Outrage at plans to slash £22bn from budget

PROTESTERS gathered at Downing Street yesterday for a “Howl of Noise” demanding that a “massive NHS cuts programme” be scrapped.

The demonstration was held as controversial NHS Sustainability and Transformation Plans (STPs) were due to be signed off by NHS England.

Whistles, vuvzelas and sirens were heard, along with speakers from Disabled People Against Cuts, Bursary or Bust and Hands off Our NHS, at the demonstration.

The plans — under which the NHS has been divided into 44 areas — were drawn up in secret without input from health professionals as £22 billion is set to be slashed from the NHS budget by the end of this Parliament.

However, some local authorities have refused to endorse their area’s STPs.

Wirral Council has become the latest authority to add its name to those opposing plans which would see drastic cuts to local services.

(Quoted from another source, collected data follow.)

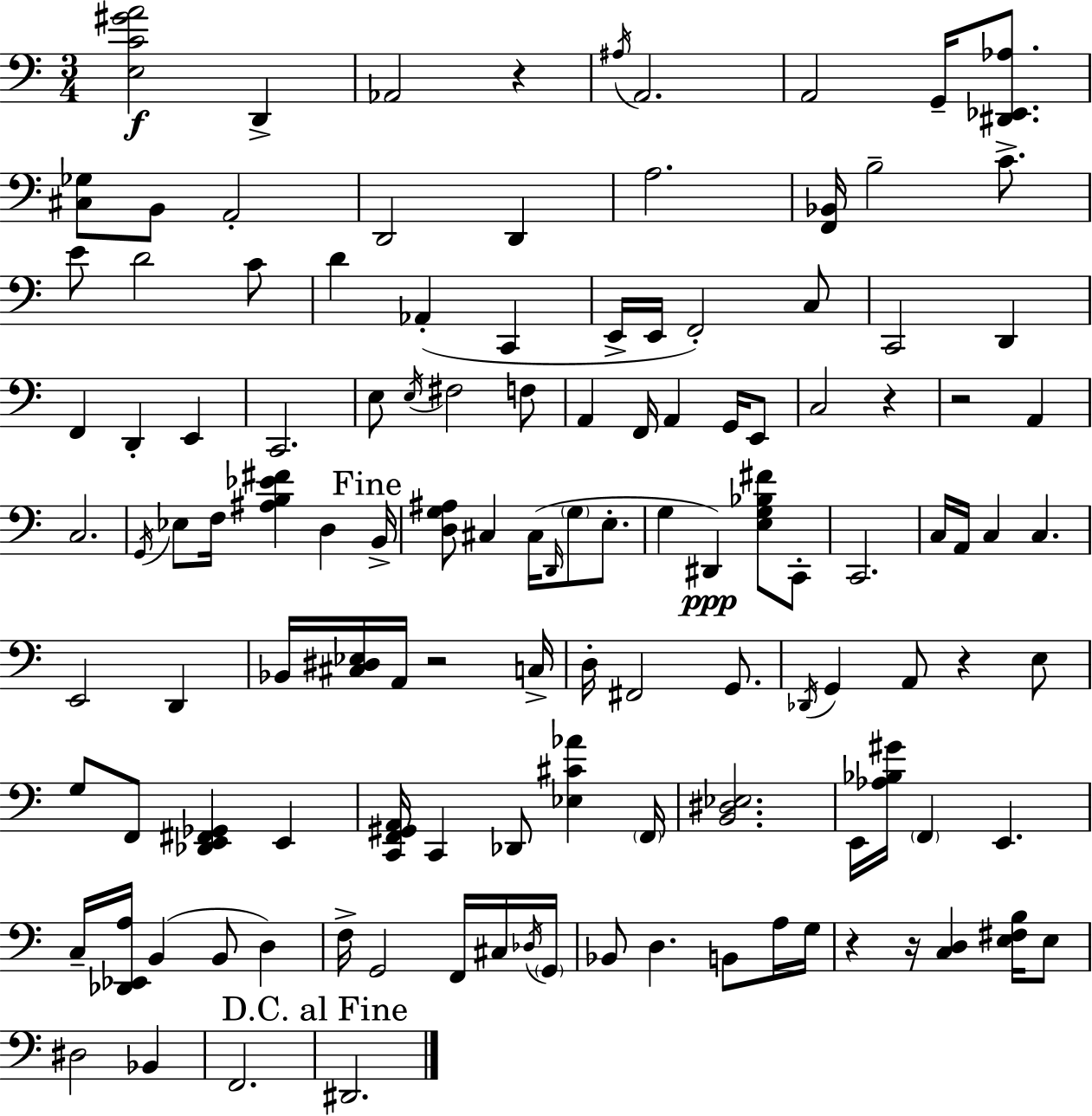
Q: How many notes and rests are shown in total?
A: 123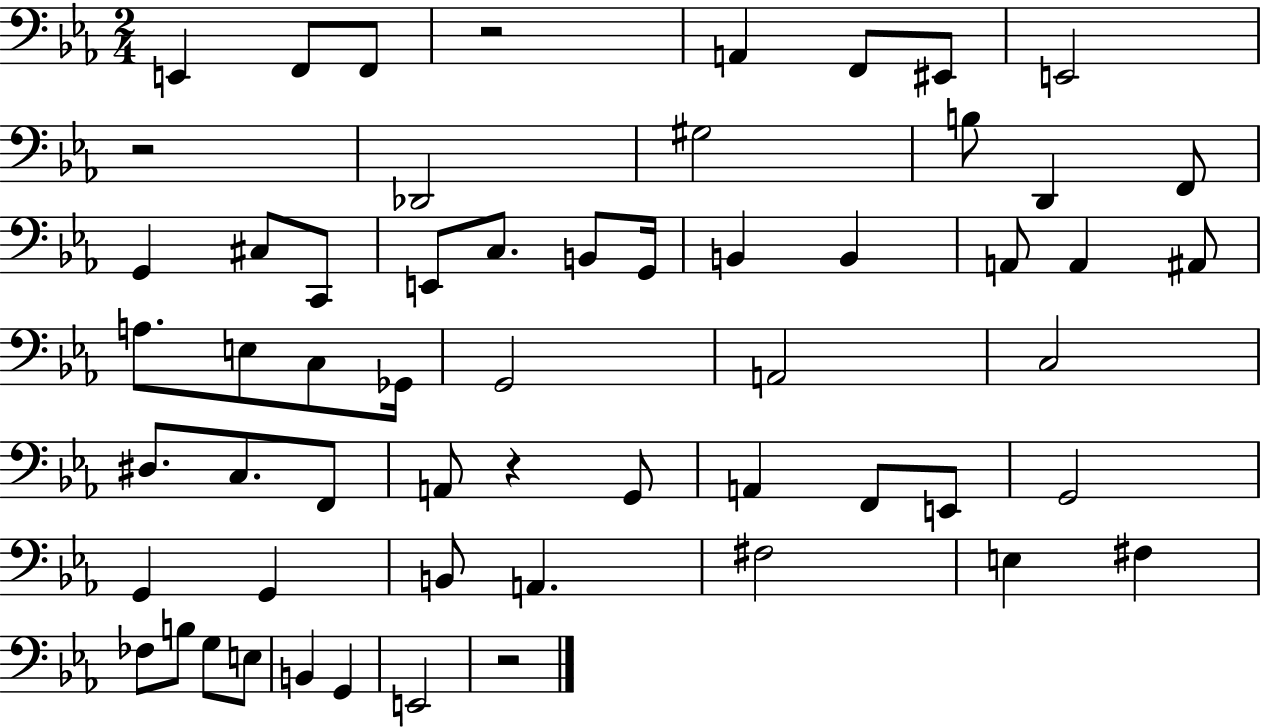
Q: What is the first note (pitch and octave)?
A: E2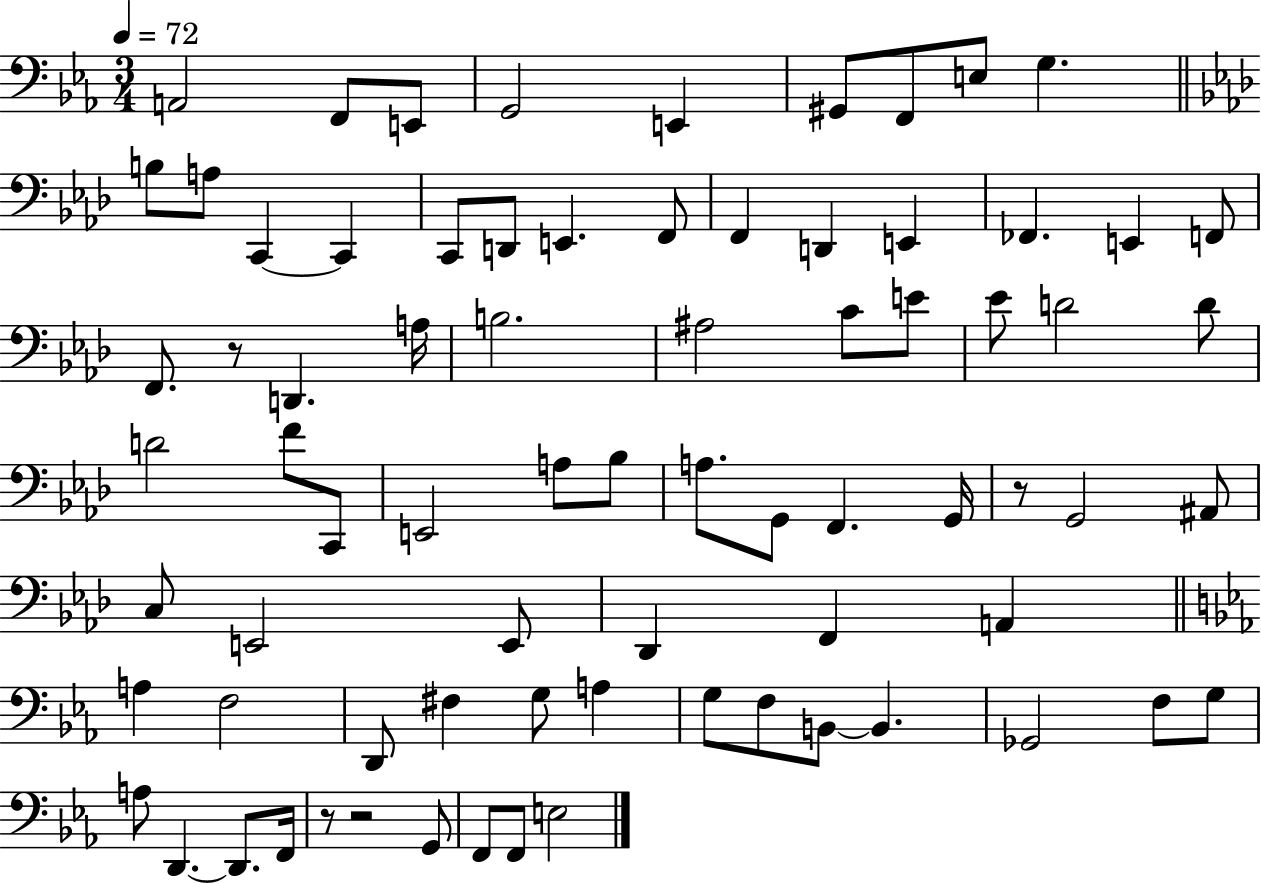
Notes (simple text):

A2/h F2/e E2/e G2/h E2/q G#2/e F2/e E3/e G3/q. B3/e A3/e C2/q C2/q C2/e D2/e E2/q. F2/e F2/q D2/q E2/q FES2/q. E2/q F2/e F2/e. R/e D2/q. A3/s B3/h. A#3/h C4/e E4/e Eb4/e D4/h D4/e D4/h F4/e C2/e E2/h A3/e Bb3/e A3/e. G2/e F2/q. G2/s R/e G2/h A#2/e C3/e E2/h E2/e Db2/q F2/q A2/q A3/q F3/h D2/e F#3/q G3/e A3/q G3/e F3/e B2/e B2/q. Gb2/h F3/e G3/e A3/e D2/q. D2/e. F2/s R/e R/h G2/e F2/e F2/e E3/h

In a a motion agreed on Monday, the council agreed “to write to the Secretary of State for Health and call on the government to withdraw these plans immediately,” demanding urgent discussions on the future of the NHS.

Protest organiser David Bailey, a nurse from Oxford, told the gathering: “This is the final battle and if we don’t defeat the government on the STPs, then the NHS is gone.

“We need to force them back, otherwise the NHS will end up as nothing more than a logo on the side of facilities run by the likes of Virgin and other private companies.”

He urged people to join the Health Campaigns Together and People’s Assembly joint national demonstration in London on March 4.

Health Campaigns Together spokesman John Lister warned that pressure on local authorities to drive through cuts was being “cranked up.”

He said: “We need to apply even greater pressure to defend local services. Once they’re gone, they’re gone.”

NHS England responded by providing a link to an article written in November which claimed the STPs represented “common-sense changes” and said that they depend “on the outcome of conversations that will take place next year with the patients, front-line staff and others in the local community.”